**Provided information**
****

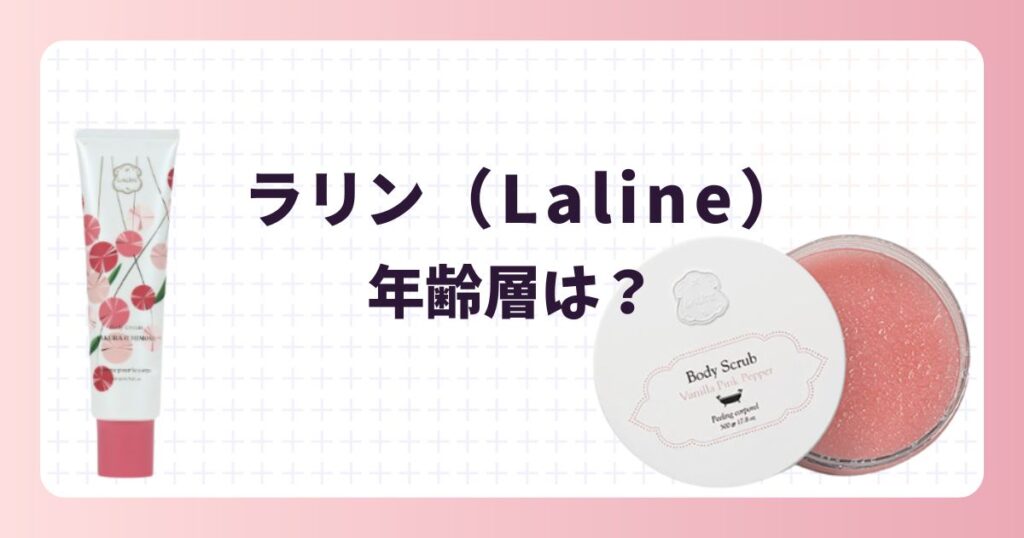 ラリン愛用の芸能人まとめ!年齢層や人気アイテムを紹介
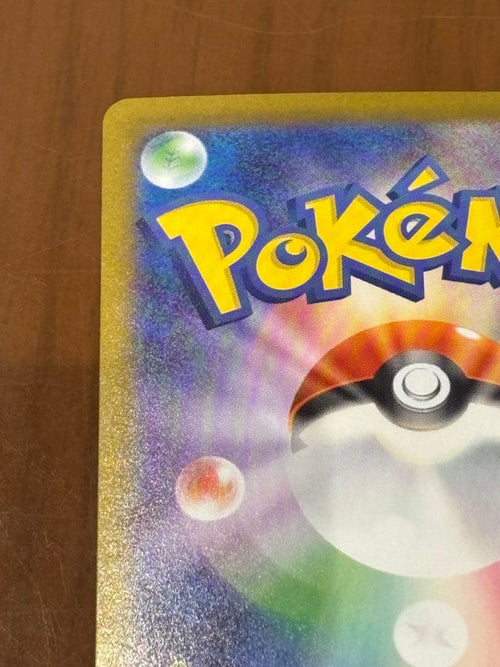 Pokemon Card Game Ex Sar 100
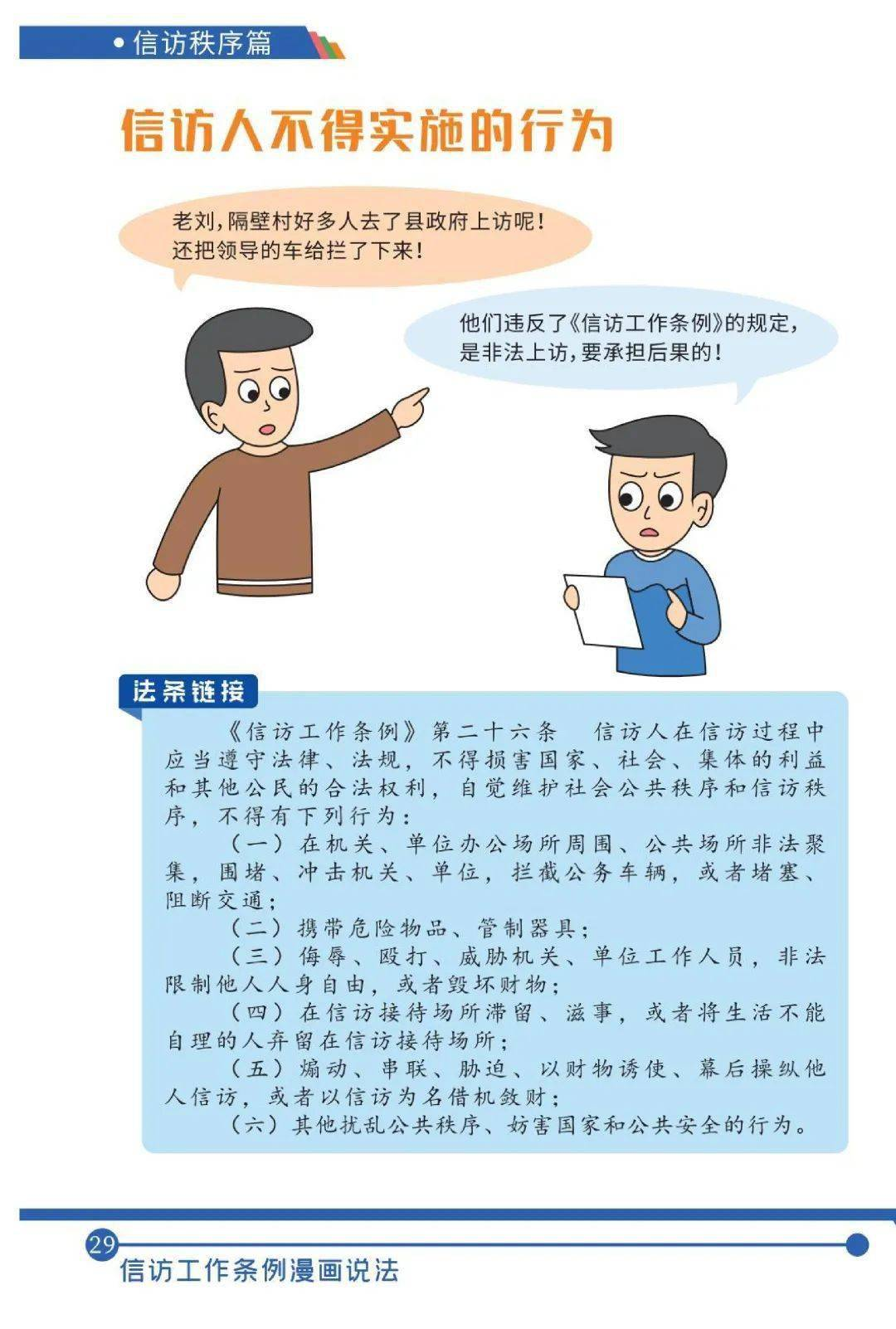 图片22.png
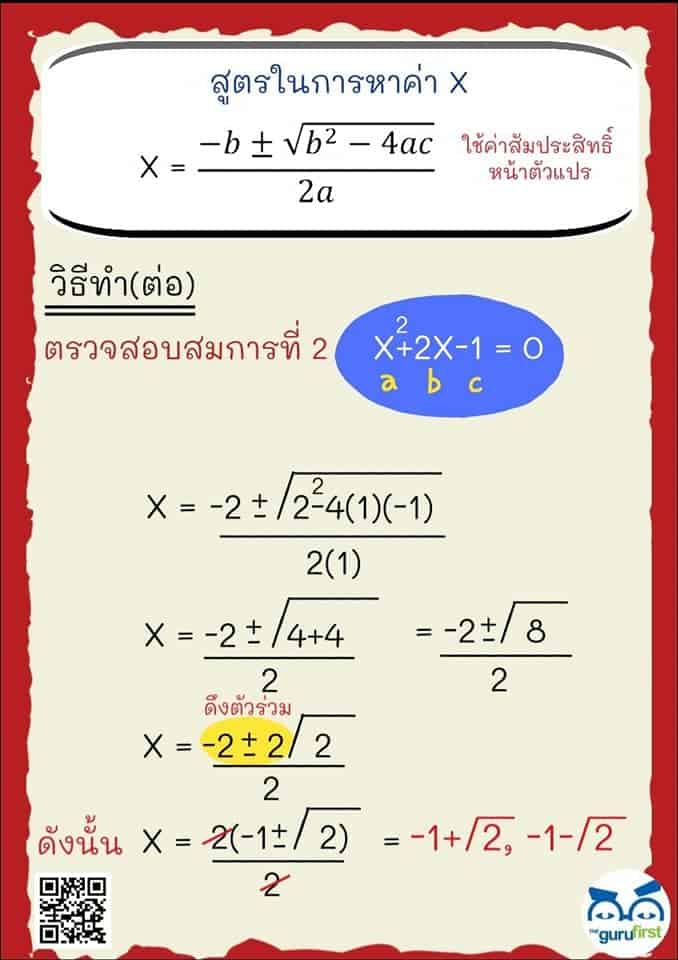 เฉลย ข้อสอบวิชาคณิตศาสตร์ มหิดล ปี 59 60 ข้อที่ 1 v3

****

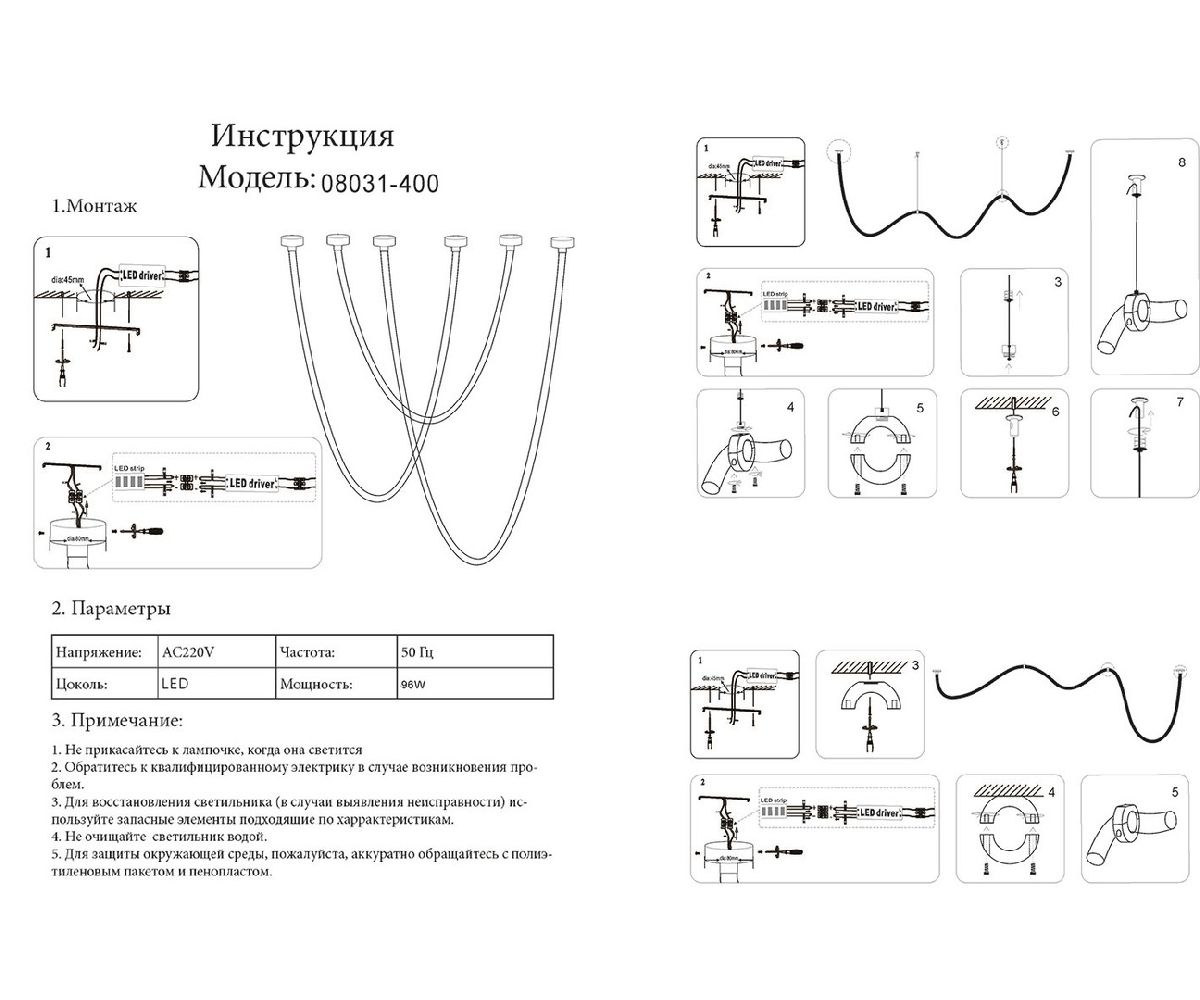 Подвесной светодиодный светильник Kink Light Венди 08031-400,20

****

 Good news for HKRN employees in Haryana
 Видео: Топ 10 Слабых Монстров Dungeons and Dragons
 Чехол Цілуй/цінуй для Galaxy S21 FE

****

**About this exercise**
In the records above, find the line with "ラリン愛用の芸能人まとめ!年齢層や人気アイテムを紹介". Print exactly from there through the line with "เฉลย ข้อสอบวิชาคณิตศาสตร์ มหิดล", minus the pictures.

**Result of the task**
 ラリン愛用の芸能人まとめ!年齢層や人気アイテムを紹介
 Pokemon Card Game Ex Sar 100
 图片22.png
 เฉลย ข้อสอบวิชาคณิตศาสตร์ มหิดล ปี 59 60 ข้อที่ 1 v3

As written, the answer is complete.